[TASK INSTRUCTIONS]: From the first line to the last, give the records again exactly.

Items from a data source
▼

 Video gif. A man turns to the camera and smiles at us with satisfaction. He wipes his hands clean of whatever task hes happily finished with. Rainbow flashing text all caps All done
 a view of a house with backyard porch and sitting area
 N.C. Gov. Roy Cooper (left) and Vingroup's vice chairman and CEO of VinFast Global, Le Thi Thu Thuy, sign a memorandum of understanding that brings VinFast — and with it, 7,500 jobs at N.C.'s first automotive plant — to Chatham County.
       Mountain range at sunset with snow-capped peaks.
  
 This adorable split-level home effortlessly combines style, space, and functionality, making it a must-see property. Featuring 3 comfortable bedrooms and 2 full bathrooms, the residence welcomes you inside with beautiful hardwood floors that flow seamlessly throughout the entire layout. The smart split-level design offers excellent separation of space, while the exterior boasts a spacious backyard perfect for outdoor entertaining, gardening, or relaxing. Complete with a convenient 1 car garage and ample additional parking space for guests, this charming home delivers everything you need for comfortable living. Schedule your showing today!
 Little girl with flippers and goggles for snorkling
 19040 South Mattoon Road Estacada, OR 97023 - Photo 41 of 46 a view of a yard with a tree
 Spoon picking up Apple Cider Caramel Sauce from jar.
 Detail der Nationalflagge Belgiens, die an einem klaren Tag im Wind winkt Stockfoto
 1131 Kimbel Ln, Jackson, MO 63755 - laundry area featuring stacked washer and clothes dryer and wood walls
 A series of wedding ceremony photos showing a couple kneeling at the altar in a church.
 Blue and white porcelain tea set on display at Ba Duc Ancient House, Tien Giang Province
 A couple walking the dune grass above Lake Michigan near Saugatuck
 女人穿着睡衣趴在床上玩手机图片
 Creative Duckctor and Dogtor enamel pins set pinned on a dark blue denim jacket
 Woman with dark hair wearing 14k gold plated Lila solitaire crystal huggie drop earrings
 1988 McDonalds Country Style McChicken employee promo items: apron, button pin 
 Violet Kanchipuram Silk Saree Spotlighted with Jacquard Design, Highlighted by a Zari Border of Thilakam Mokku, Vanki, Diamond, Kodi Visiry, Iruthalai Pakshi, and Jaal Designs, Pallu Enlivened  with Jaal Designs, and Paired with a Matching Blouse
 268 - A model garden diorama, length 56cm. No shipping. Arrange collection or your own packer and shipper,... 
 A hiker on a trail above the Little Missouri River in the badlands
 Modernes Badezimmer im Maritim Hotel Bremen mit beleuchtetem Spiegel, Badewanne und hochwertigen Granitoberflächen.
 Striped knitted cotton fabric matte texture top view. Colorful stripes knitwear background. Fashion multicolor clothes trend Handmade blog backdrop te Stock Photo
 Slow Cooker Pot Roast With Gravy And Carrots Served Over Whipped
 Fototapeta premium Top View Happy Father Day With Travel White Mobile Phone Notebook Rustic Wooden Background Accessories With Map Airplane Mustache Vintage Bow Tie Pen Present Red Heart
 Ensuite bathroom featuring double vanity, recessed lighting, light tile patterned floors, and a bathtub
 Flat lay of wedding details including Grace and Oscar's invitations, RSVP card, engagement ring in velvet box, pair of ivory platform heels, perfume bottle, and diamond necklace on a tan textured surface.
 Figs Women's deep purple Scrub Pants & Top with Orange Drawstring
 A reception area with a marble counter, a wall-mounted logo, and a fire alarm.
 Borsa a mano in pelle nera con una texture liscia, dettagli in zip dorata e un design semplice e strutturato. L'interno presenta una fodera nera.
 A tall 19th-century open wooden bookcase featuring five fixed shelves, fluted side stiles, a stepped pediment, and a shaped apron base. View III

▲

[ANSWER SPACE]:
 Video gif. A man turns to the camera and smiles at us with satisfaction. He wipes his hands clean of whatever task hes happily finished with. Rainbow flashing text all caps All done
 a view of a house with backyard porch and sitting area
 N.C. Gov. Roy Cooper (left) and Vingroup's vice chairman and CEO of VinFast Global, Le Thi Thu Thuy, sign a memorandum of understanding that brings VinFast — and with it, 7,500 jobs at N.C.'s first automotive plant — to Chatham County.
       Mountain range at sunset with snow-capped peaks.
  
 This adorable split-level home effortlessly combines style, space, and functionality, making it a must-see property. Featuring 3 comfortable bedrooms and 2 full bathrooms, the residence welcomes you inside with beautiful hardwood floors that flow seamlessly throughout the entire layout. The smart split-level design offers excellent separation of space, while the exterior boasts a spacious backyard perfect for outdoor entertaining, gardening, or relaxing. Complete with a convenient 1 car garage and ample additional parking space for guests, this charming home delivers everything you need for comfortable living. Schedule your showing today!
 Little girl with flippers and goggles for snorkling
 19040 South Mattoon Road Estacada, OR 97023 - Photo 41 of 46 a view of a yard with a tree
 Spoon picking up Apple Cider Caramel Sauce from jar.
 Detail der Nationalflagge Belgiens, die an einem klaren Tag im Wind winkt Stockfoto
 1131 Kimbel Ln, Jackson, MO 63755 - laundry area featuring stacked washer and clothes dryer and wood walls
 A series of wedding ceremony photos showing a couple kneeling at the altar in a church.
 Blue and white porcelain tea set on display at Ba Duc Ancient House, Tien Giang Province
 A couple walking the dune grass above Lake Michigan near Saugatuck
 女人穿着睡衣趴在床上玩手机图片
 Creative Duckctor and Dogtor enamel pins set pinned on a dark blue denim jacket
 Woman with dark hair wearing 14k gold plated Lila solitaire crystal huggie drop earrings
 1988 McDonalds Country Style McChicken employee promo items: apron, button pin 
 Violet Kanchipuram Silk Saree Spotlighted with Jacquard Design, Highlighted by a Zari Border of Thilakam Mokku, Vanki, Diamond, Kodi Visiry, Iruthalai Pakshi, and Jaal Designs, Pallu Enlivened  with Jaal Designs, and Paired with a Matching Blouse
 268 - A model garden diorama, length 56cm. No shipping. Arrange collection or your own packer and shipper,... 
 A hiker on a trail above the Little Missouri River in the badlands
 Modernes Badezimmer im Maritim Hotel Bremen mit beleuchtetem Spiegel, Badewanne und hochwertigen Granitoberflächen.
 Striped knitted cotton fabric matte texture top view. Colorful stripes knitwear background. Fashion multicolor clothes trend Handmade blog backdrop te Stock Photo
 Slow Cooker Pot Roast With Gravy And Carrots Served Over Whipped
 Fototapeta premium Top View Happy Father Day With Travel White Mobile Phone Notebook Rustic Wooden Background Accessories With Map Airplane Mustache Vintage Bow Tie Pen Present Red Heart
 Ensuite bathroom featuring double vanity, recessed lighting, light tile patterned floors, and a bathtub
 Flat lay of wedding details including Grace and Oscar's invitations, RSVP card, engagement ring in velvet box, pair of ivory platform heels, perfume bottle, and diamond necklace on a tan textured surface.
 Figs Women's deep purple Scrub Pants & Top with Orange Drawstring
 A reception area with a marble counter, a wall-mounted logo, and a fire alarm.
 Borsa a mano in pelle nera con una texture liscia, dettagli in zip dorata e un design semplice e strutturato. L'interno presenta una fodera nera.
 A tall 19th-century open wooden bookcase featuring five fixed shelves, fluted side stiles, a stepped pediment, and a shaped apron base. View III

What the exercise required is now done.